WHAT YOU NEED TO DO: Output all of the entries beneath, exactly as written.

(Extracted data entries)

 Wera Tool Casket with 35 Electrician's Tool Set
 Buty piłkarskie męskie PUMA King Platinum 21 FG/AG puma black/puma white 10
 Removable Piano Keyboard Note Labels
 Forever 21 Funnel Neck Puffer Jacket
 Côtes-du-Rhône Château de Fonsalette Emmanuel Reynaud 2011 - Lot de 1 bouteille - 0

FINISHED EXERCISE:
 Wera Tool Casket with 35 Electrician's Tool Set
 Buty piłkarskie męskie PUMA King Platinum 21 FG/AG puma black/puma white 10
 Removable Piano Keyboard Note Labels
 Forever 21 Funnel Neck Puffer Jacket
 Côtes-du-Rhône Château de Fonsalette Emmanuel Reynaud 2011 - Lot de 1 bouteille - 0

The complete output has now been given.